We use ArangoDB and PostgreSQL to store almost identical data. PostgreSQL is used to perform general types of queries which relational databases can perform well. ArangoDB was selected to perform kind of queries like graph traversals, finding a shortest path, etc.
At the moment we have a table with 160000 records in PostgreSQL and a collection with the same amount of documents in ArangoDB.
The API we are working on will be used by multiple number of users at the same time, so first point I wanted to check was how both ArangoDB and PostgreSQL would perform under the load. I created a simple load test which as a workload performs a simple select query with the filter to both ArangoDB and PostgreSQL.
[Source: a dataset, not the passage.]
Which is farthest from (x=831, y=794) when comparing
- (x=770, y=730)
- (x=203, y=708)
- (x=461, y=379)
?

The query selects top N records/documents with the filter by date field.
When I run load test all the queries to PostgreSQL are executed within 0.5 second, I increase the amount of users from 10 to 100 and it does not affect execution time at all.
The same queries to ArangoDB are taking about 2 seconds when you start with a single user, then the response time grows in the direct ratio with the amount concurrent users. With 30 concurrent users all the queries would time out after waiting for 60 seconds for the reply.
I tried to debug arangojs connector and found this:
var maxTasks = typeof agent.maxSockets === 'number' ? agent.maxSockets * 2 : Infinity;
and this:
Connection.agentDefaults = {
maxSockets: 3,
keepAlive: true,
keepAliveMsecs: 1000
};
which means that default arangojs behavior is to send not more than 6 concurrent queries to ArangoDB at the same time which leads to all the rest queries being queued on Node.js side. I tried to increase the number but it did not help and now it looks like all the queries are queued on the ArandoDB side. Now if I run the load and try to execute some query using ArangoDB Web Interface the query would hand for the unpredictable amount of time (depending on the amount of users at the moment) then return the result and would show me that it has been executed in about 4 seconds which is not true. For me it looks like ArangoDB can only execute one query a time while all the other queries are queued...
Am I missing something? Are there any setting to tune ArangoDB and improve it's performance under the load?
Update:
We use ArangoDB 3.0 and run it as a Docker container (from official image) with 1.5 GB of RAM.
Sample Document (we have about 16 000 of these):
{
"type": "start",
"from_date": "2016-07-28T10:22:16.000Z",
"to_date": "9999-06-19T18:40:00.000Z",
"comment": null,
"id": "13_start",
"version_id": 1
}
AQL Query:
FOR result IN @@collection
FILTER (result.version_id == 1)
FILTER (result.to_date > '2016-08-02T15:57:45.278Z')
SORT result._key
LIMIT 100
RETURN result